I did not really intend to take a month off, but sometimes life happens. We got busy in the new year and honestly, this man did not have a thirst, at all. That evolved into a “mostly” dry January, which to be honest was a nice break. I am big on doing things with intention rather than out of habit. Choosing to not drink was a small thing, since I don’t really drink that often, except when I have a thirst. As I have said many times before, if I feel like I need a drink, I am not likely to actually have one. Like I said, it is all about intention. So, here we are with a new month and a new day in a new year; sounds like a great time to make a fresh start with a new drink. So with faith in better things to come won’t you join me now as we stand and make the Al Amanacer.

It was kind of an interesting journey to find this drink. The name means, “at dawn” in Spanish and I am a big fan of that imagery, letting go of the darkness and greeting the new day. I haven’t always been that way, but I am trying to be better about brooding. It was created by Heather Dodderer at Herbie’s Vintage 72 in St. Louis. I discovered it, completely by accident, while watching cocktail videos to research Cafe Brulot. I made notes, another video started, just like the advertisers pay it to, that is when I noticed a jar of Captain Rodney’s Hot Pepper Jelly on the counter and dropped everything. There was my pirate-ified face staring back at me from a jar of pepper jelly that we made right here in our little factory in Tennessee. How we ended up in a St. Louis local food segment from 2010, I have no idea. We sell the stuff all over the country, so it’s not that weird, but it is still cool to see your work out in the world. I had never heard of the show or the drink but there we were on the small screen. Kinda cool, how things from the past sometimes float to the surface. So, how could I not make the cocktail?

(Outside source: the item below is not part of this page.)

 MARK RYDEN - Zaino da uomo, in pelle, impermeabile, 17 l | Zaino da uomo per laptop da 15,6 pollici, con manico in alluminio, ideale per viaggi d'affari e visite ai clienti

This one is shaken, so grab your tins and toss in 2 ounces of Añejo tequila, I went with Kah Añejo in that cool Memento Mori skull; 3/4 of an ounce of fresh squeezed lime juice, 3/4 ounce of passion fruit concentrate, 1/2 an ounce of grenadine and 1 teaspoon of that national award-winning Captain Rodney’s Hot Pepper Jelly. Add ice and give it a good shake to the beat of “Here Comes the Sun” by The Beatles. In the video they served it on the rocks in a tumbler, but their description says and shows it with pebble ice in a chilled cocktail glass, so I’m gonna land somewhere in the middle with crushed ice in a hybrid cocktail rocks glass. Beyond the obvious aesthetic considerations, choosing crushed ice is also choosing violence and sometimes pounding an ice filled Lewis bag with a wooden mallet is just the ticket to help work out the frustrations of the day. Garnish with a dehydrated lime wheel and serve, with a smile, if you are into that sort of thing.

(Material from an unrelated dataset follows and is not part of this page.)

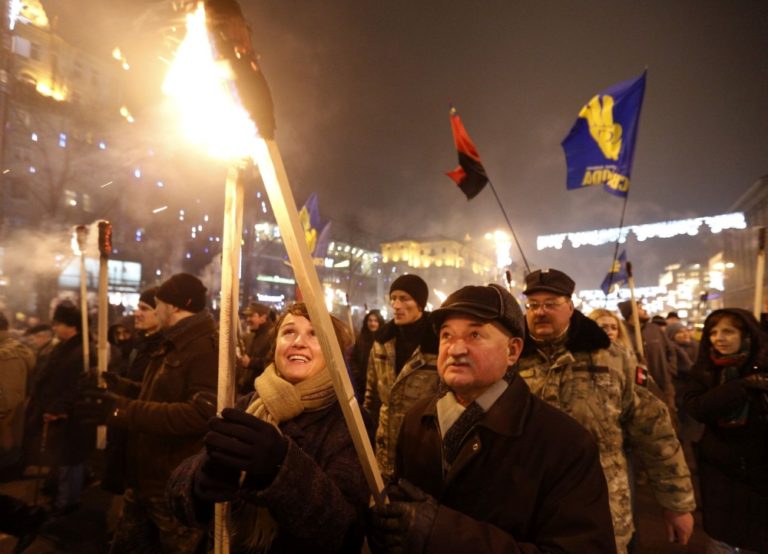Nacionalisti v Kyjeve oslavovali narodeniny Stepana Banderu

That tastes like a drink. Not my usual sort of drink, but nice enough. It’s a bit too sweet for me, but I guessed that looking at the build. The wife enjoyed it after I popped a straw in there. I can see this one as a nice poolside sipper, more of a lazy afternoon drink that one served at dawn. I find that the passion fruit puree tends to overpower drinks, so I’d be tempted to cut it back and definitely back off on the grenadine. That said, the tequila, lime and pepper jelly combination was really nice, it just got buried under all that sugar. Maybe we could take this as a jumping off point for a pepper jelly margarita. I could go for that. Or really kick the pepper up in this one with little habañero shrub paired with a nice smoky mezcal and call it “Pistolas al Amanacer” to lean into the other side of doing things “at dawn”.

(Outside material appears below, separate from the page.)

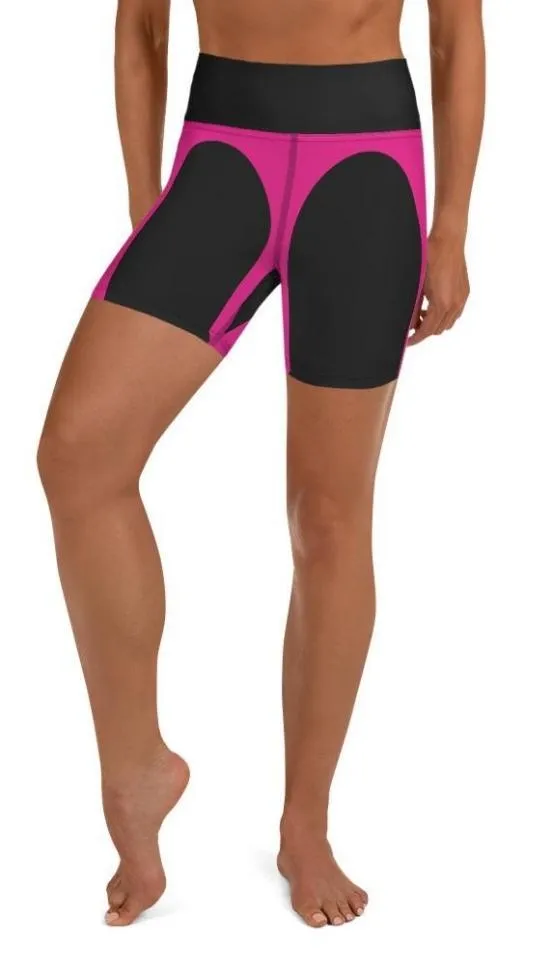 Black & Pink Heart Shaped Yoga Shorts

Al Amanacer, at dawn, a new beginning, a chance to get it right this time. Change is frightening. No, it is more than frightening, it is fucking terrifying, but make no mistake, it is going to happen. No matter how much we wish against it, things change and all we can do is pick up the pieces and move forward, hopefully leaving some of the darkness behind. Reagan famously declared “a new day in America”, but it is hard to know when that beginning comes. It is not like in the movies, the big moments rarely come surrounded by fanfare and heraldry; you don’t hear the music swell as your life suddenly changes. Hell, half the time you aren’t even present when those decisions are being made. As much as I try to live my life with direction and intention, being captain of my own fate and all, I am shocked at how often I am really just reacting to other folks. I sometimes feel like life is a lot more about the illusion of choice when I am really just being backed from one corner to another, hoping to survive long enough to recover from one blow before the next one falls. I know I am not special, we all have our struggles and most of us believe we are right. I think the only way we really get through things is together, finding your tribe and taking care of each other. Sometimes that is not enough, but all you can do is try to take care of the folks who take care of you, keep a positive outlook and know that sometimes, as painful as it is, the right thing to do is walk away. So, when things are at their darkest, look forward to that brighter day just beyond the horizon. I can almost see it now, like those boys from Liverpool said “here comes the sun” and, I say, it’s alright; or at least it is going to be…eventually. Stay safe, stay hydrate and stay sane, my friends.